INPUT DATA:
--- --- ---
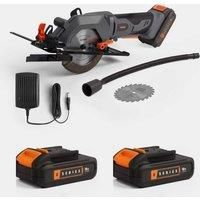 VonHaus Cordless Compact Circular Saw E-Series – Battery and Charger Included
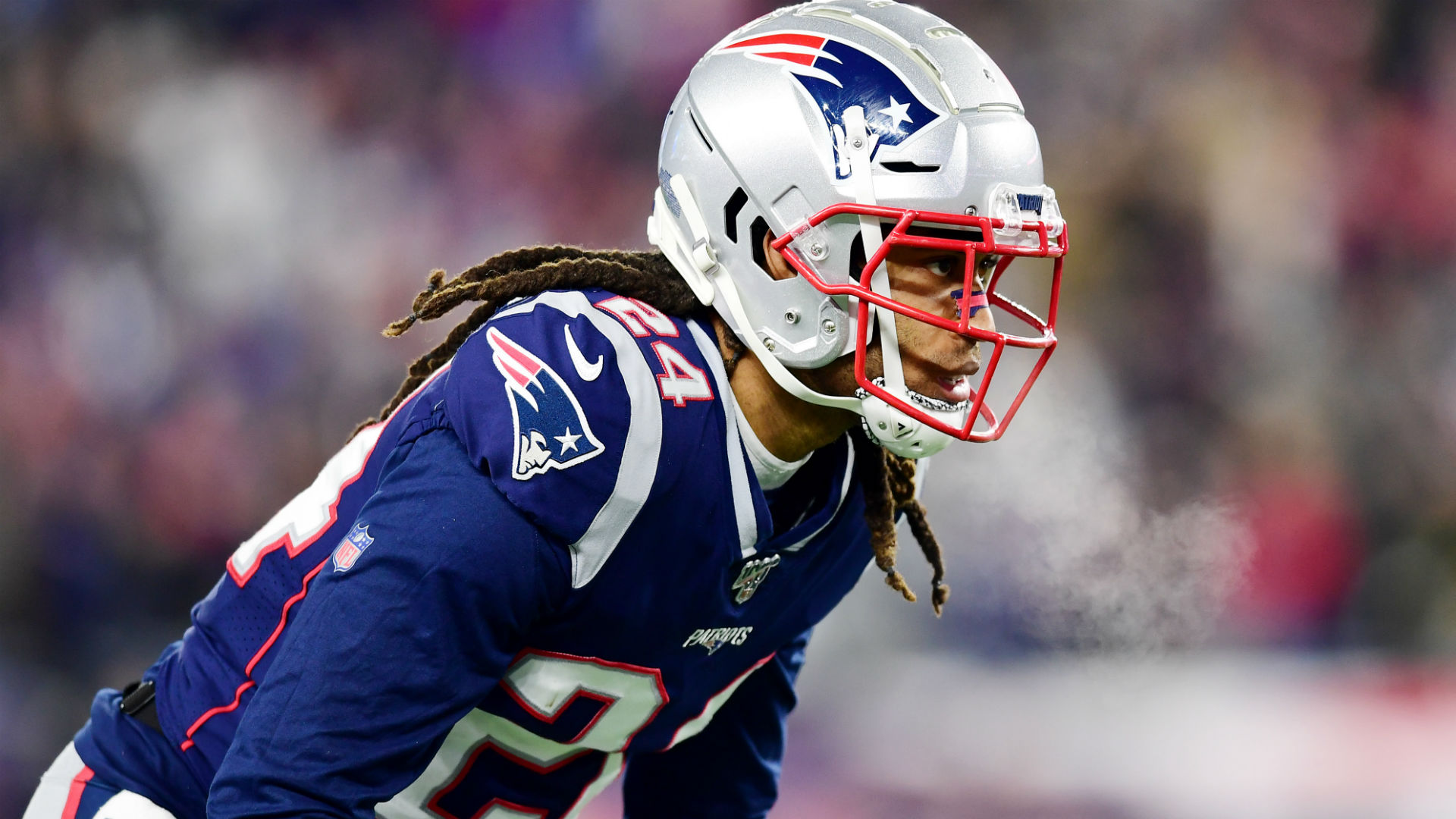 Patriots' Stephon Gilmore gets into 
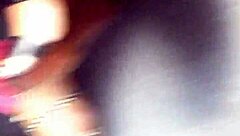 Mature Woman Hides Her Feet in Wedges and Sandals During Candid Moment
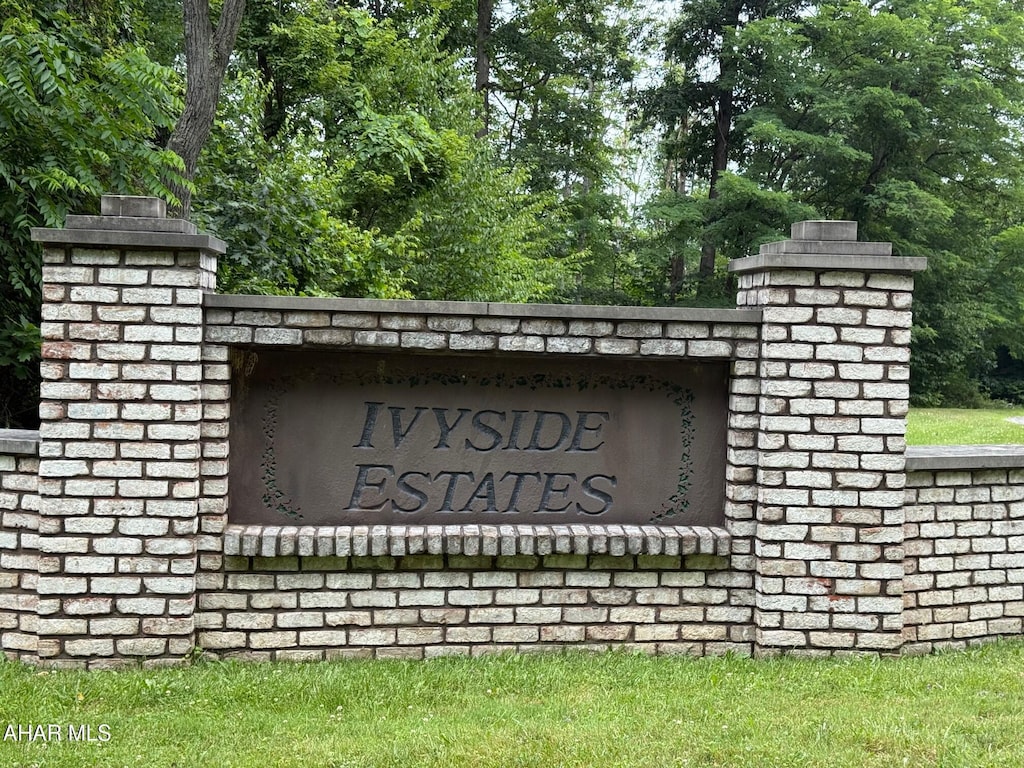 112 Ivyside Estates Ln, Altoona, PA 16601 - view of community sign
--- --- ---
The whole listing is to be written out exactly; the pictures stay out of the copy.

ANSWER TO THIS EXERCISE:
 VonHaus Cordless Compact Circular Saw E-Series – Battery and Charger Included
 Patriots' Stephon Gilmore gets into 
 Mature Woman Hides Her Feet in Wedges and Sandals During Candid Moment
 112 Ivyside Estates Ln, Altoona, PA 16601 - view of community sign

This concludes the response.